Task: Reproduce the tail of the data exactly. It starts at the line containing "Meriem-Belazouz-Reporter-Journalist-Sport-Can-Africa" and runs to the last line.

Supplied material Block Start

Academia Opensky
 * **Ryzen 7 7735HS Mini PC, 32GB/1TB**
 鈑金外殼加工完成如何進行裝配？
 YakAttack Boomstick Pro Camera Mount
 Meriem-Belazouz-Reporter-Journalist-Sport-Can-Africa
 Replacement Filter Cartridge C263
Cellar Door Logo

Supplied material Block End

Final answer:
 Meriem-Belazouz-Reporter-Journalist-Sport-Can-Africa
 Replacement Filter Cartridge C263
Cellar Door Logo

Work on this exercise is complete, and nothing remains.